Friday, January 25, 2008

Rambo By the Numbers

This is the Rambo Kill Chart from L.A. Times writer John Mueller. Click on it to make it bigger. Note the number of sex scenes in each of the four Rambo films. Note the rate at which the killing increases from film to film. And note the fact that Rambo doesn't kill anyone without his shirt on in the latest installment.

"I'm not sure how to respond to this chart: is it good, is it bad?" asks's Alex Billington. "Do more deaths in this latest Rambo movie mean it will be better?" I'm not sure either, but more killings may mean safer streets at home.

The chart reminds me of two things. First, the outrageous violence of the 1,000-year-old Icelandic Sagas. The Sagas are the histories of the Norwegian Viking families that settled in Iceland, and they are full of Bible-style so-and-so begat so-and-so, as well as phrases like "And then Thorstein dealt Thorarin his death blow." It's gruesome stuff, and I had always meant to try to create a sort of family tree-like chart showing who killed who along with who sired who.

But this Rambo business also reminds me of the gleeful bloodsport of zombie movies. When Rambo kills 83 people in about 90 minutes, and I see it boiled down into a plain chart, I start wondering -- ironically -- if they all deserved it. Could the "bad guys" all be so bad?

This question never comes up in zombie movies, and in that way, they are the perfect modern American film genre: they are full of guilt-free carnage (not even killing -- they're already dead!). Human beings are distilled down into mindless, soul-less -- even lifeless -- menaces that living human beings must destroy. How like a video game.

Other genres have tried. Commies are soul-less, right? Or crazed drug addicts? But no one has been able to "comfortably" de-humanize the living in film -- not after WWI, WWII, and assorted regional genocides.

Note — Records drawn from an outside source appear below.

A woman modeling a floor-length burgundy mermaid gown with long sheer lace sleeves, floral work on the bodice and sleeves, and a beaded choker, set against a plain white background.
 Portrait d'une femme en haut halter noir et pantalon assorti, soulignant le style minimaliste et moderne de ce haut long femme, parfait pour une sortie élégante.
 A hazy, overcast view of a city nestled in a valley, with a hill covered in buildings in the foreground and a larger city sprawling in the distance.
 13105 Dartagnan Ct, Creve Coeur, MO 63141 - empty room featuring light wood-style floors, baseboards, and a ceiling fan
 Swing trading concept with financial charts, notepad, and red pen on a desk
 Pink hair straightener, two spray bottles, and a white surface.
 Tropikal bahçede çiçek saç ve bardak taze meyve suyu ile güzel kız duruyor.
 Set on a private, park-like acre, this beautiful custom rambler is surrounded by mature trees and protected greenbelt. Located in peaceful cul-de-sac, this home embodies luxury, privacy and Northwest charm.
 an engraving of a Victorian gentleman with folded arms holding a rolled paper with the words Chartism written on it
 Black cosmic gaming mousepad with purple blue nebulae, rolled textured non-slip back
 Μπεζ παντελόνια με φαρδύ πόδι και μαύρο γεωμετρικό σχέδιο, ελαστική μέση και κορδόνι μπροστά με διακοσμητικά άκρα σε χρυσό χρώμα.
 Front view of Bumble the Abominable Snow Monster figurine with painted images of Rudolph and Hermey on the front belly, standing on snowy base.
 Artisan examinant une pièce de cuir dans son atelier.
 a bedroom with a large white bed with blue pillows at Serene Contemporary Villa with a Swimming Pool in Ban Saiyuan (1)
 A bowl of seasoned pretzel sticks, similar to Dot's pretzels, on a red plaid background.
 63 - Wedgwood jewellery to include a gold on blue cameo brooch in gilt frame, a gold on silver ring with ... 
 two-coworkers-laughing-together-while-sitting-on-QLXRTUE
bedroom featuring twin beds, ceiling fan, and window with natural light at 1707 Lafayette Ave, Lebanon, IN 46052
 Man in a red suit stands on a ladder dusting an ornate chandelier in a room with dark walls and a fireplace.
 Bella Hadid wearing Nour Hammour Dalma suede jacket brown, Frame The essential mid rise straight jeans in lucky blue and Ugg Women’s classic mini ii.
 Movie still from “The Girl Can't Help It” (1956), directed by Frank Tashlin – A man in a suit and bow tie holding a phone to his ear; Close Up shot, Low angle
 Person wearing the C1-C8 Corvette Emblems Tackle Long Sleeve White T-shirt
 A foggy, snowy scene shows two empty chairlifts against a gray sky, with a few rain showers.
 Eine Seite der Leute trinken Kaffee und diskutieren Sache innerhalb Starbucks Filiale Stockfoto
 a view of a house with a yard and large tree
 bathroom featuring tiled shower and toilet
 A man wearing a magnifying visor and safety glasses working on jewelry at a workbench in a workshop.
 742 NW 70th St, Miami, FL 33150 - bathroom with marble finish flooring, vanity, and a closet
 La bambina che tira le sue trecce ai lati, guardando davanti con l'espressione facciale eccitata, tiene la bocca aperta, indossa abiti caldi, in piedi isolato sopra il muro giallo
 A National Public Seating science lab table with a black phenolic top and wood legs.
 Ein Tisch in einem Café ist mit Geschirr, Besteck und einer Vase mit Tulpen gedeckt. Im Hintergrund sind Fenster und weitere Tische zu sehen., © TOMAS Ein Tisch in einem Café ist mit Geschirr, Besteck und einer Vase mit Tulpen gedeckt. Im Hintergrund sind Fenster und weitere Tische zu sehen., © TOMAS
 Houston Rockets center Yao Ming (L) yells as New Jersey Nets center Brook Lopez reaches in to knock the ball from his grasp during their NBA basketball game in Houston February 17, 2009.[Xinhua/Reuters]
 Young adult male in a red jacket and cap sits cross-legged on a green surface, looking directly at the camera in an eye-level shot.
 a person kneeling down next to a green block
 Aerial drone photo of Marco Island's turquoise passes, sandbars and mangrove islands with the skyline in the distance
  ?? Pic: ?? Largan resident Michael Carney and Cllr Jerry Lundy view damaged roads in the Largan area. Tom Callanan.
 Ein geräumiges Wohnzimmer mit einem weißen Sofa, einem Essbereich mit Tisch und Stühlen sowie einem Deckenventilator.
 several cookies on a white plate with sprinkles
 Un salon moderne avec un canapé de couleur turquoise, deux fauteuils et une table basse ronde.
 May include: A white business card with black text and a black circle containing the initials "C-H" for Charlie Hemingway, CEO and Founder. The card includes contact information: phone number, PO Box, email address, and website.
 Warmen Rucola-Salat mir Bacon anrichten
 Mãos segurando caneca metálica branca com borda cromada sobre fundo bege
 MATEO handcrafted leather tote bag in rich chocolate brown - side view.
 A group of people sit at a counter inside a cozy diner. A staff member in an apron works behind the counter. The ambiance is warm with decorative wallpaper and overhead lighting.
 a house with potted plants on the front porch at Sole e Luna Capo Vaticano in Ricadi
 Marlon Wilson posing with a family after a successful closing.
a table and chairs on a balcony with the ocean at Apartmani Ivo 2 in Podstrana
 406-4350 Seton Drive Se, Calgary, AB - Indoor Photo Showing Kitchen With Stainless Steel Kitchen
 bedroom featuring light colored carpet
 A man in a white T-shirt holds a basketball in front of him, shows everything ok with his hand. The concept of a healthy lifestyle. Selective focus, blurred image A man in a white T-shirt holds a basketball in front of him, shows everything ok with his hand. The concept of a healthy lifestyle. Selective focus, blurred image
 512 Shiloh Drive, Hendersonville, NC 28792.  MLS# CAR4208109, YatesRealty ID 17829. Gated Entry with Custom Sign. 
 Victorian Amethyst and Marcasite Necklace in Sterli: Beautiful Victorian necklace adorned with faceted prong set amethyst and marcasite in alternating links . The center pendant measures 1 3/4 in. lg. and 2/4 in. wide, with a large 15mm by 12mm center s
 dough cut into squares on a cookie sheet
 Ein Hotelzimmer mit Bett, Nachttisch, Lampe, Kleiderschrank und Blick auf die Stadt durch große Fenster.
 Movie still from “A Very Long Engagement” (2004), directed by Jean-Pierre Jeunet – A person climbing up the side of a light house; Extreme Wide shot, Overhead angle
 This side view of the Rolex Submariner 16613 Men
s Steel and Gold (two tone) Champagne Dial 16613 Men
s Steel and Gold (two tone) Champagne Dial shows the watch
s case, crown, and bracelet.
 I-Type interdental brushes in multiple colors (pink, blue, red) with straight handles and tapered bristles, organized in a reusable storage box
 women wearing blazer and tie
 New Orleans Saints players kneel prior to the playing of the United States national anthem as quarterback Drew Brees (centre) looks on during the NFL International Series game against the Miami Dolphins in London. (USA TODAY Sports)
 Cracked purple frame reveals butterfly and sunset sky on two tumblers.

I've never seen any of the Rambo movies (nor any of the Rocky movies, for that matter), but I can't imagine a better time to bring the character back. As you can see in the National Threat Advisory on the right column of this blog, we're on orange alert.



Anonymous Sarah said...

As an interesting side note, did you see that Stallone is admitting that he used HGH to get in shape for this movie?